A new COVID-19 test can return results in 5 minutes
A new COVID-19 test from the medical device company Abbott can return positive results in five minutes — and it can be run in a doctor’s office. The test was approved for emergency use in the United States by the Food and Drug Administration last night. The test uses Abbott’s small, portable ID NOW platform, and doesn’t have to be sent to a central lab for analysis. Instead, it can be done directly in an emergency room or urgent care clinic, which could cut down on the days-long wait time some patients now face for test results.
Doctors could take a swab from a patient’s nose or throat and insert it directly into the machine, and have results within 15 minutes (it can take up to 13 minutes if the sample is negative for the virus). This is GAME CHANGER. Abbott to market, starting next week, a fast point-of-care #coronavirus test, delivering positive results in 5min and negative results in 13min. Will deliver 50K tests/day to start.
Kudos to Abbott and FDA’s Jeff Shuren and team at CDRH who are in the fight. “With rapid testing on ID NOW, healthcare providers can perform molecular point-of-care testing outside the traditional four walls of a hospital in outbreak hotspots,” said Robert B. Ford, president and chief operating officer of Abbott, in a press release. This is the second point-of-care test for COVID-19 approved by the FDA.

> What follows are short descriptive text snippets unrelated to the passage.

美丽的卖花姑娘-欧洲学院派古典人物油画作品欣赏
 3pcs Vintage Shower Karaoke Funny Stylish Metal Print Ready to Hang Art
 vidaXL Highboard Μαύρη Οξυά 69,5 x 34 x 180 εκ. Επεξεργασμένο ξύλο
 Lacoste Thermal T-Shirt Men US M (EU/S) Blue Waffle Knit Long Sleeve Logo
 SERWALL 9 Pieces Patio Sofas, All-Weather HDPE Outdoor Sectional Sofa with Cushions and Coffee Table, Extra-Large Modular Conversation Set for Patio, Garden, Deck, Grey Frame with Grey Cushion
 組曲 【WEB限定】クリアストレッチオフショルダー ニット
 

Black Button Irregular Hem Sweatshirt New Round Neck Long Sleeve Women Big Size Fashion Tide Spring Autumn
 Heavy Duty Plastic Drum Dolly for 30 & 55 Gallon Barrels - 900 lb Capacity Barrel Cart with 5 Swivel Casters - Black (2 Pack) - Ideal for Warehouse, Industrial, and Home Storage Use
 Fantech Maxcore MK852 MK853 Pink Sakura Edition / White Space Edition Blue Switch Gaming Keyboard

The first, from the biotechnology company Cephid, takes 45 minutes. That test is primarily intended for emergency rooms and hospitals, not for doctors’ offices or urgent care clinics. Tests that give doctors answers quickly are critical during disease outbreaks, because they can help them know how much protective equipment they need to wear when they’re interacting with a patient, where in a hospital to send them, and what sort of care to provide. Tests done in a doctor’s office can also help diagnose patients with mild or asymptomatic cases of COVID-19, and help stop them from unknowingly spreading the virus.
The Abbott test works differently than the types of tests that have been the standard in the US during the pandemic. Normally, a patient sample gets sent to a lab so it can be processed using a method called PCR, which searches for tiny bits of coronavirus genetic material. For PCR to work, the sample has to be repeatedly cycled up to a high heat and then back down again. The Abbott test also looks for virus genetic material, but it works at one single temperature.